All of which proves there’s truth in the old adage that you have to have moolah to make moolah; indeed, the more boodle you have, the more boodle you tend to generate (thanks to the miraculous effects of certain financial instruments, not least of which is  compound interest). 

 Of course, real money is also incredibly rare. If everybody had it – lots of it – who would care about concepts of fairness predicated on simple pocket-book envy?Certainly, the CCPA wouldn’t, but that’s only because it would be out of job chronicling and cataloging the rapacity of the gilded galoots and pampered plunderers among us.

“The level of wealth inequality in Canada has reached such extremes that in 2012, according to figures derived from Canadian Business magazine, the 86 wealthiest Canadian-resident individuals (and families) held the same amount of wealth as the poorest 11.4 million Canadian combined,” Mr. Macdonald writes. “To put these findings into historical perspective, in 1999, The Wealthy 86 held the same wealth as the bottom 10.1 million Canadians.”
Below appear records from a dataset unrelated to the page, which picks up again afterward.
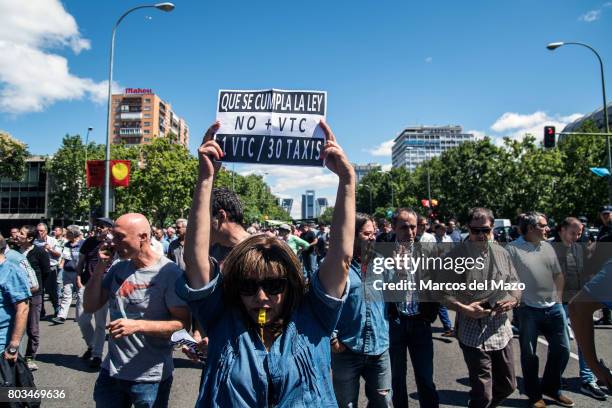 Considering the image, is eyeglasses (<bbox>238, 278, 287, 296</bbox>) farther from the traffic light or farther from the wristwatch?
the traffic light

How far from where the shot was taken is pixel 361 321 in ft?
10.8

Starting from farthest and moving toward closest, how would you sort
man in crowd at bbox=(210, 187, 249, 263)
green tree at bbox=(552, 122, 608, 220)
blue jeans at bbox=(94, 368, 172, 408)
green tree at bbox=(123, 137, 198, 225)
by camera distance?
green tree at bbox=(123, 137, 198, 225) < green tree at bbox=(552, 122, 608, 220) < man in crowd at bbox=(210, 187, 249, 263) < blue jeans at bbox=(94, 368, 172, 408)

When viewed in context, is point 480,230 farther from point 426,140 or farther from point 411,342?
point 426,140

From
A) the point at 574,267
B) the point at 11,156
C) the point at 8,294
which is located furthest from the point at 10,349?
the point at 11,156

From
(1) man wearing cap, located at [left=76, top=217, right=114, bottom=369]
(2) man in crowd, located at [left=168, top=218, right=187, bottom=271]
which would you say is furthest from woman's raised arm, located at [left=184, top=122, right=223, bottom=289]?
(2) man in crowd, located at [left=168, top=218, right=187, bottom=271]

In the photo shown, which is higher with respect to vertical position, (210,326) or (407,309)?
(210,326)

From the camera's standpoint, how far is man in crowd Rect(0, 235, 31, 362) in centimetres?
360

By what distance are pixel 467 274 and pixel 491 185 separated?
133ft

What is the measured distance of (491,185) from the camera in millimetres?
41125

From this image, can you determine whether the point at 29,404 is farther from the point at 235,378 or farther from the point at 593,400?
the point at 593,400

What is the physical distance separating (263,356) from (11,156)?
5447 cm

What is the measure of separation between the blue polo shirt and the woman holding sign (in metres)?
2.59

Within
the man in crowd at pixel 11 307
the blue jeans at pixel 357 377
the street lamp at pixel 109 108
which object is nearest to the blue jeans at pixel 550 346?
the blue jeans at pixel 357 377

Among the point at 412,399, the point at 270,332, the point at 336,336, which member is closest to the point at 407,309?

Naturally, Mr. Macdonald and his fellow travelers want Government (big surprise, here) to fix the situation and pronto. 

Maybe it should remove some of the protections on wealth, such as the favorable capital gains tax rate (half of that levied against income), or slap new taxes on the income of the wildly wealthy on the theory is that such “progressive” moves will redistribute some of the accumulated capital to the rest of society where it can do some broad, general good. 

It’s a nice theory that rests on only two flawed assumptions: first, that higher taxes on fat incomes will have any effect on “breaking up” private pools of capital; and, second, that capital gains exclusions will only affect the super-rich, and not the majority of entrepreneurs who dutifully ply their trades somewhere in the middle of the pack of affluence.

Nope, the solution is, was and and always shall be right in front of our faces: Persuade The Wealthy 86 to buy New Brunswick. 

Make them an offer they can’t refuse: Throw in P.E.I. as a signing bonus. It won’t mind. Honest.